When Carol Adams discusses the use of meat in art, she makes an astute observation that I believe applies here. She said, “A species-specific privilege creates the space in which art that uses the abject bodies of dead animals exists and can be protected. When something specific like killing has an ethic that stops at the species line, I want to know why…” (Potts, 22) and I think this applies to this ad. Some might say it is artistic. We can argue that the law protects it – but why? There were many other ways that the message in this ad could have been delivered. The choice of image is deliberate as the audience for this message is men and men alone.
I would like to look at one last advertisement that I found. It caught my attention for several reasons. Take a look:
This advertisement is for a cooking site Le Cornichon. The recipe that they are advertising is “Goose Leg Confit With Parsley.” Once again, we have an animal comprised of part human (woman) and part animal. The two are enmeshed. The duck head is adorned with a hat cheekily topped with parsley. The goose legs are lovely long human legs with garter belts and lace thigh high stockings. The human/nonhuman figure is wearing a time period style undergarment. It invokes a rather regal French Victorian vibe with a side of sexism, racism, classism, and speciesism. It is quite the banquet of objectification. I almost felt like they were trying to “class it up” so to speak but it lands (for me) as extremely strange and a disturbing cacophony of “ick.” Are we so removed from the fact that this is advertising a dish for goose legs that we forget we are going to eat a goose leg?

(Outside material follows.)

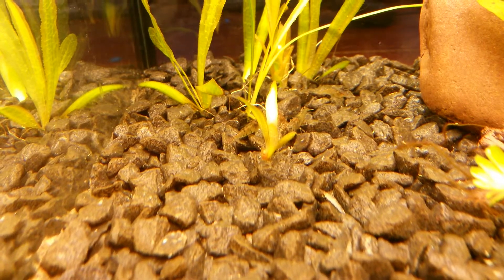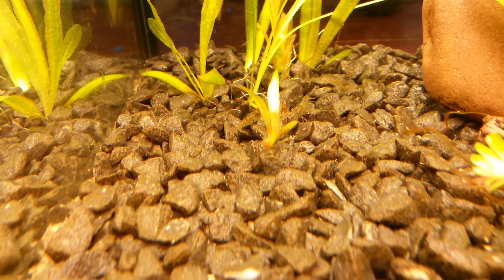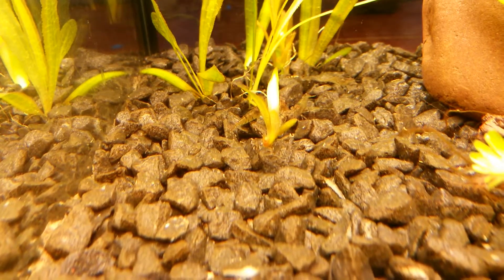Hey aquarium people, I've got a question for you. I've got Jungle Vow and it has made a little runner in 4 days time, so that's nice.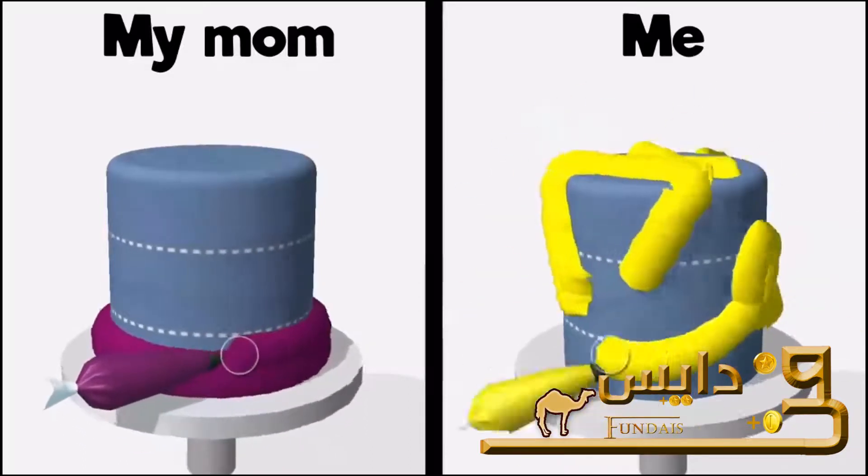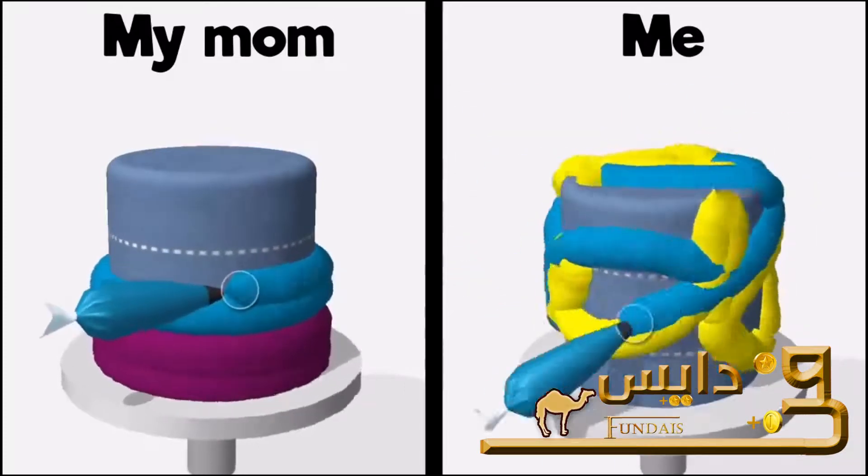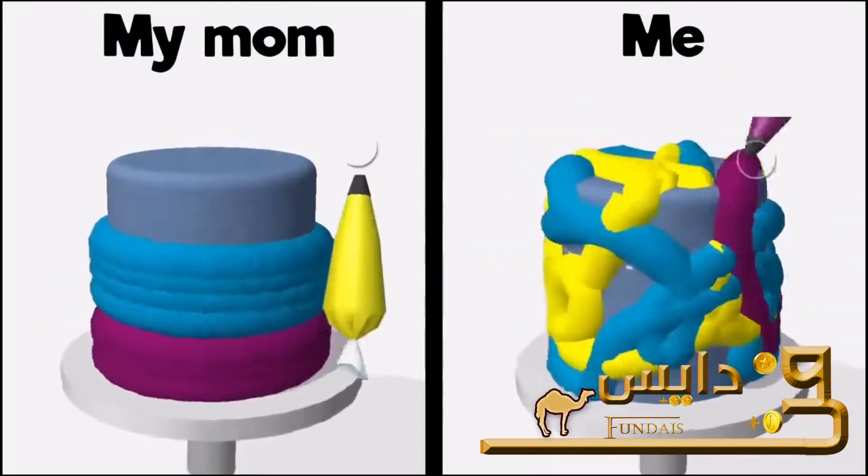The icing on the cake, my favorite part. The trick is to start adding the buttercream from the bottom and gently working your way up from the sides.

Objectify the nonhuman enough that we no longer see it as a living being and therefore, we can dine guiltlessly on its meat. On the other hand, are we supposed to find it sexy and think about consuming both the woman and the goose? You get where I am going here. Both are consumable. The audience is very specific here. The appeal of this image is thin, white, European, affluent (royalty), type of indulgence. This image oozes feelings of privilege and the fruits of life that come from it. “Privilege protects itself” and the continual cycle of that is evident through the intentions of those relaying the messages and the lucky recipients of them (Potts, 19).
I want to share something with you all that popped into my head while writing this blog. Years ago, there was a cookbook that came out called “Fifty Shades of Chicken” which was a parody of the book/movie “Fifty Shades of Grey”. The entire cookbook objectifies chicken. If you go onto Amazon you can flip through some of the sections with titles such as “Extra-Virgin Breasts”, “Popped-Cherry Pullet”, “Pound Me Tender”, “Hot Rubbed Hen” – you get the idea. The cover of the cookbook bears the image of a cooked chicken tied up in bondage. I think we could do an entire blog on this cookbook alone.
“Eating The Other”, bell hooks
“Certainly from the standpoint of white supremacist capitalist patriarchy, the hope is that desires for the “primitive” or fantasies about the Other can be continually exploited, and that such exploitations will occur in a manner that reinscribes and maintains the status quo” (hooks, 367).